EXERCISE PROMPT: Look through the records below for the line with "宝马2系旅行车 2016款 218i 领先型车身外观3" and the line with "6471 Bay Club Dr #2 — Photo 22", then return those lines and all lines between, exactly.

DATA PROVIDED:
+++++

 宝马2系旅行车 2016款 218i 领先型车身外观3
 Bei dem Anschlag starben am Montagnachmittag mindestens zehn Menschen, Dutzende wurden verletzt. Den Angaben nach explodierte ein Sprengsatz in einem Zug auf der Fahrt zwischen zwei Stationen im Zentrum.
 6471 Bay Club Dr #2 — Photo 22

+++++

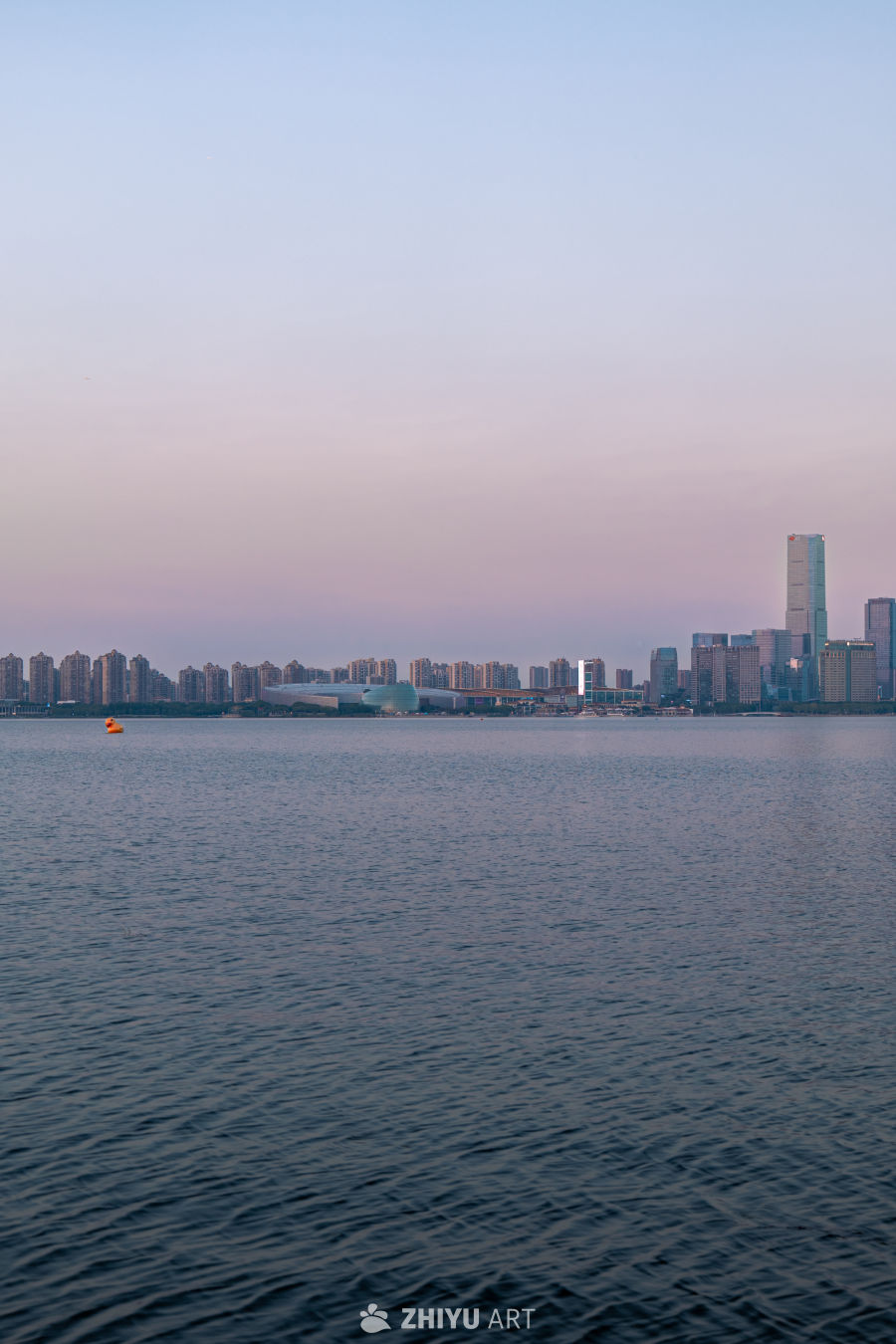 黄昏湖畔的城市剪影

+++++

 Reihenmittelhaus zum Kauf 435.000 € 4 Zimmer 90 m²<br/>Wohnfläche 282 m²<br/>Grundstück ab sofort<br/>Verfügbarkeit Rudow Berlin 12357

+++++

ANSWER TO THIS TASK:
 宝马2系旅行车 2016款 218i 领先型车身外观3
 Bei dem Anschlag starben am Montagnachmittag mindestens zehn Menschen, Dutzende wurden verletzt. Den Angaben nach explodierte ein Sprengsatz in einem Zug auf der Fahrt zwischen zwei Stationen im Zentrum.
 6471 Bay Club Dr #2 — Photo 22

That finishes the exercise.